= DATASET SECTION =
= = = = = = =
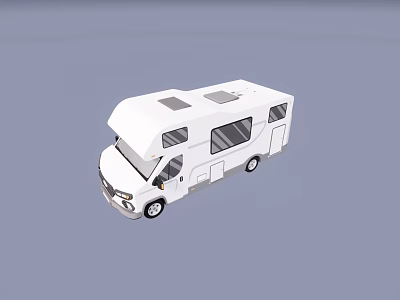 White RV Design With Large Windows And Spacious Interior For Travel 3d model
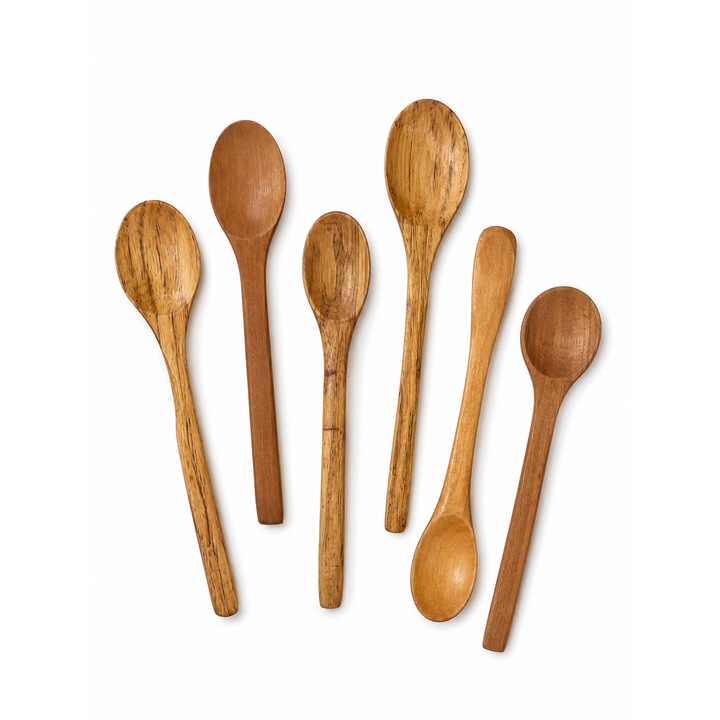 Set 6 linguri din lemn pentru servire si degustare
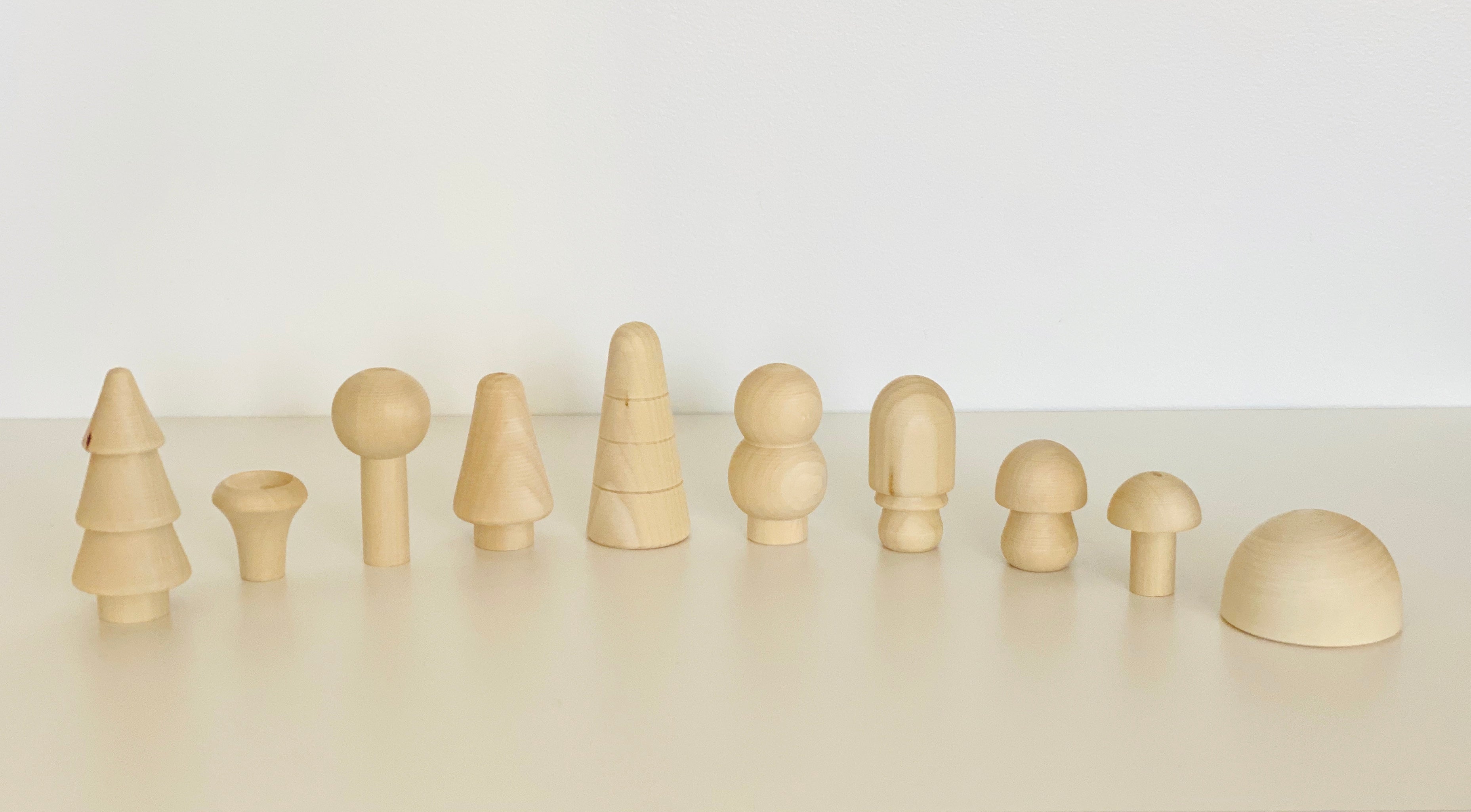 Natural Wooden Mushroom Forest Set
= = = = = = =
= TASK TO COMPLETE =
All of the material above should be written out exactly as given, minus any images.

= THE ANSWER =
 White RV Design With Large Windows And Spacious Interior For Travel 3d model
 Set 6 linguri din lemn pentru servire si degustare
 Natural Wooden Mushroom Forest Set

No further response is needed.